LE SYSTÈME VICTORIA suit habilement le parcours de David, dans les bras et l’esprit de cette femme qui joue au jeu du chat et de la souris, alternant le chaud et le froid. Navigant dans les zones d’inconfort que procure la face sombre de Victoria dont il n’a pas les codes, il perd petit à petit les repères de sa boussole intérieure. En forme de clin d’œil, le réalisateur a offert le rôle d’un autre amant de Victoria à François Bunel et celui de son mari à Eric Reinhart, auteur du livre qu’il a lui-même adapté en tant que coscénariste.

L’alchimie crève l’écran entre les deux acteurs choisis par Sylvain Desclous. Damien Bonnard était une évidence, faisant suite aux quatre courts-métrages tournés ensemble sur des sujets qui abordaient déjà « des thèmes sociaux et des endroits de souffrance ». Quant à Jeanne Balibar, elle « sait très bien jouer et se balader dans toutes ces facettes d’imprévisibilité, d’intelligence, de froideur, de danger et d’ultra cynisme, en assumer le côté antipathique et le déjouer dans la seconde d’après par un trait d’esprit ou une intonation ».

Rencontre entre le monde des puissants et le monde des « pas puissants ».

La relation sensuelle entre les personnages, dont la première scène représentait un « fort enjeu » de crédibilité, est filmée avec autant de réalisme que de délicatesse. Conscient que le sujet ô combien actuel au cinéma des corps dénudés et de l’intimité doit être pris avec précaution, le réalisateur « a veillé à ne pas montrer de scènes d’amour gratuites. Il a beaucoup travaillé avec la chef opératrice sur ce qu’il voulait voir ou ne pas voir. Ils ont défini ensemble les axes et la manière dont la caméra allait se placer et ont beaucoup discuté en amont avec les acteurs, afin de savoir comment ces derniers appréhendaient les scènes et de faire en sorte qu’ils se sentent à l’aise ».

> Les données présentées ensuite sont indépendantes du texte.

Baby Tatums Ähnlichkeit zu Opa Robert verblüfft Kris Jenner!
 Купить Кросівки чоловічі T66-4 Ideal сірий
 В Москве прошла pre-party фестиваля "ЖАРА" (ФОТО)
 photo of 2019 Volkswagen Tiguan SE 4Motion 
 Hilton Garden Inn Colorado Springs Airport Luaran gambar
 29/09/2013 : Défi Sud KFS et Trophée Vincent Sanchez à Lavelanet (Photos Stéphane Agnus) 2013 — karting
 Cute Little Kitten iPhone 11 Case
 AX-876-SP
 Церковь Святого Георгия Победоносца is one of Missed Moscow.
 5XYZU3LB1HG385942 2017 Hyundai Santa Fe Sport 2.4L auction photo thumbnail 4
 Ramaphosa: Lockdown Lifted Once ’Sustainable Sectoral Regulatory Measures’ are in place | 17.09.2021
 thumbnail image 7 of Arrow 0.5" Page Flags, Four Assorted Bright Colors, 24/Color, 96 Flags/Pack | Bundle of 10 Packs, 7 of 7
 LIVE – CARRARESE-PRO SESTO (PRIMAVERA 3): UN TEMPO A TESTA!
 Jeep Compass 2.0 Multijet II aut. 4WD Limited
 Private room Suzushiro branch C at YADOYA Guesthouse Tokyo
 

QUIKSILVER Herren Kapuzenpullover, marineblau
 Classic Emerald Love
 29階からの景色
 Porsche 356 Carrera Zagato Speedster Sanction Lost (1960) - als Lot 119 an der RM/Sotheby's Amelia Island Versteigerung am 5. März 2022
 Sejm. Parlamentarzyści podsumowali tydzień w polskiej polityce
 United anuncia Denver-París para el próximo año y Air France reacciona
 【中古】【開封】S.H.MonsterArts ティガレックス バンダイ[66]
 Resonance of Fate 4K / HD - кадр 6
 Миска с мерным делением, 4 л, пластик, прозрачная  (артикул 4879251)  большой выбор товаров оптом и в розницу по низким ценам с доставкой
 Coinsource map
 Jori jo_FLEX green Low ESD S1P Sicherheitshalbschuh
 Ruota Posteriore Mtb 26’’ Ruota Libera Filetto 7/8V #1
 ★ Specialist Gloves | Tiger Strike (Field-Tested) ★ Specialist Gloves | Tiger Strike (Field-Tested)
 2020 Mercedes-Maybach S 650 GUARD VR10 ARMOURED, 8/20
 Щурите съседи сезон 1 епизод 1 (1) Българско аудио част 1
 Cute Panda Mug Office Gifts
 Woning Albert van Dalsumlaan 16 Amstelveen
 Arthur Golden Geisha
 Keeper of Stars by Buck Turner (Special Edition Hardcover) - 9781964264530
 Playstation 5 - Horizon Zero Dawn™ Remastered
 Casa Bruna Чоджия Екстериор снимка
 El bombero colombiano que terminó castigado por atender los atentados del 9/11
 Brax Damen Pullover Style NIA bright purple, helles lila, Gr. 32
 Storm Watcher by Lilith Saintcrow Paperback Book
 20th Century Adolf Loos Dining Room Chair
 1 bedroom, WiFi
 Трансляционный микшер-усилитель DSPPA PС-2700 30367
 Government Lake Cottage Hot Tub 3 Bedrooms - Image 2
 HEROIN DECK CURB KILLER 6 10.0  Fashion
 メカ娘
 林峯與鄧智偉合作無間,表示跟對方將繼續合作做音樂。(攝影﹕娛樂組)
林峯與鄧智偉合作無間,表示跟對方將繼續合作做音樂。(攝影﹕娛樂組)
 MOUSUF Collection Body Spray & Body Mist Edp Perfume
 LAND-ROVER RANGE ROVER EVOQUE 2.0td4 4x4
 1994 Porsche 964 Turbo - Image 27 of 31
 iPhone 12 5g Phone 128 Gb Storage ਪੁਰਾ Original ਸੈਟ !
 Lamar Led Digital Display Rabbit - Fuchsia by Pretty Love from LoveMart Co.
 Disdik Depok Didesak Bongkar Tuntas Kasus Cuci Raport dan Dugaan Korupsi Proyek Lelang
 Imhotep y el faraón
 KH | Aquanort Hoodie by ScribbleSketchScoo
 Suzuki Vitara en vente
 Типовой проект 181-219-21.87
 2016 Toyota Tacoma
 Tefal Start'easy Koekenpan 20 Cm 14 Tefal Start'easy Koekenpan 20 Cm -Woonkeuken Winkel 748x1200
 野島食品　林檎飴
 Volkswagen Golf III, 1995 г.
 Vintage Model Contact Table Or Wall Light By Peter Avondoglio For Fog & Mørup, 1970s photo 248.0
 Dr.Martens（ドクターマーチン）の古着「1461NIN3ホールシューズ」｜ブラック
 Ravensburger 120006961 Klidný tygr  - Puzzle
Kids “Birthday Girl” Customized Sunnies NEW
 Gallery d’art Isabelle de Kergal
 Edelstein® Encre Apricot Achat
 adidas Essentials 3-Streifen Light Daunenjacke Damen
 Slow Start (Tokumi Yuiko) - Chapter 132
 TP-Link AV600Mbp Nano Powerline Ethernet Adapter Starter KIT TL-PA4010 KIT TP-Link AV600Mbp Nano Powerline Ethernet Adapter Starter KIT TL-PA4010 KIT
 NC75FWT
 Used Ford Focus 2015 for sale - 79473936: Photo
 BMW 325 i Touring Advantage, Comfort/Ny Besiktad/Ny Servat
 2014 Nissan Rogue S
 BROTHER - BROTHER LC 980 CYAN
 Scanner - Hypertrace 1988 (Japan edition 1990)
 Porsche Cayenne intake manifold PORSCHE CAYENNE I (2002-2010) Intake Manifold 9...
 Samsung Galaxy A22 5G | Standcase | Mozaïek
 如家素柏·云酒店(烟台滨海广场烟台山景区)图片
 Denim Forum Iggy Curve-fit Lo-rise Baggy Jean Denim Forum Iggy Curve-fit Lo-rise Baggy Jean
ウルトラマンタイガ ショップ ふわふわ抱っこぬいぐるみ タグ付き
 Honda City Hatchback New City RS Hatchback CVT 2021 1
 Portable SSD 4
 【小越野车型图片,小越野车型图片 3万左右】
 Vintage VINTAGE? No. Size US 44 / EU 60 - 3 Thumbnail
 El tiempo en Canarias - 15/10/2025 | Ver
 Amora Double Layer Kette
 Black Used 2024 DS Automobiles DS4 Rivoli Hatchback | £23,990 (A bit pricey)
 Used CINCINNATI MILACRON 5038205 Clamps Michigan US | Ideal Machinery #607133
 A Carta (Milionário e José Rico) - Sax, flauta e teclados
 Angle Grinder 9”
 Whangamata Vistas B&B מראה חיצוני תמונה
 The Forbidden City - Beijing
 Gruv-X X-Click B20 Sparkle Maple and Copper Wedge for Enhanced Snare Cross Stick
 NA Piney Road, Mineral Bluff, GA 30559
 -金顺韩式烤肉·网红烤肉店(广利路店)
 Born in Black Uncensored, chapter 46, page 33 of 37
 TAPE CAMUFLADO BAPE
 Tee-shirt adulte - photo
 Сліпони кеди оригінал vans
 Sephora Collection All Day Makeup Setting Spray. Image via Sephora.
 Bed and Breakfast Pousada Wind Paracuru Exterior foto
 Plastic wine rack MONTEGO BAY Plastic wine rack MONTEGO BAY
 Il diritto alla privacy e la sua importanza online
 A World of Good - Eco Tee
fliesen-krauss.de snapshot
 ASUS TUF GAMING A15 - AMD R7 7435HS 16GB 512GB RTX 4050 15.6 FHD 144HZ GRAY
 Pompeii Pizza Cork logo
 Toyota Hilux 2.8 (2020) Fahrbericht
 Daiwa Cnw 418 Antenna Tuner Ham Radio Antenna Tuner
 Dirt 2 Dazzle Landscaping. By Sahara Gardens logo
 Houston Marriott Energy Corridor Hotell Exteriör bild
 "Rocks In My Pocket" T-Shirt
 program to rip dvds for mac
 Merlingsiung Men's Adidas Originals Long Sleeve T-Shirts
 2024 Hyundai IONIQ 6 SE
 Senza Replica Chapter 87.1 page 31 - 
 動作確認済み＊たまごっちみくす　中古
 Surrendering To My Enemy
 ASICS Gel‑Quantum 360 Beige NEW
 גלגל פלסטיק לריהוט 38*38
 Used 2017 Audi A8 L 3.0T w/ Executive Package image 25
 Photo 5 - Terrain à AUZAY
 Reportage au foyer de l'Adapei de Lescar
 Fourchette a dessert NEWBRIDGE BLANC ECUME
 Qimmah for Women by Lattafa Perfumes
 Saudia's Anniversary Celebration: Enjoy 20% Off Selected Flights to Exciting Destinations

Damien Bonnard précise quant à lui « faire attention depuis ses débuts dans Rester Vertical, autant à l’autre qu’à lui-même dans ces moments et à ne pas être fragilisé. Pour éviter que ça ne traine pas dans la tête pendant des mois, il faut en parler au maximum avec les partenaires, tout chorégraphier, savoir à quel moment et comment on s’embrasse et ou est la caméra ». Il dit d’ailleurs être « son propre coordinateur d’intimité car il a mis en place un système de protection rigide qui ne se voit pas à la caméra et ne gêne personne, permettant d’être pleinement dedans et que rien ne soit mal vécu ». Film pudique sur le respect des engagements et des promesses qu’on se fait à soi-même, LE SYSTÈME VICTORIA embarque donc le spectateur dans l’aventure remarquable et haletante d’un homme au cœur blessé, qui apprendra en conscience à faire ses choix.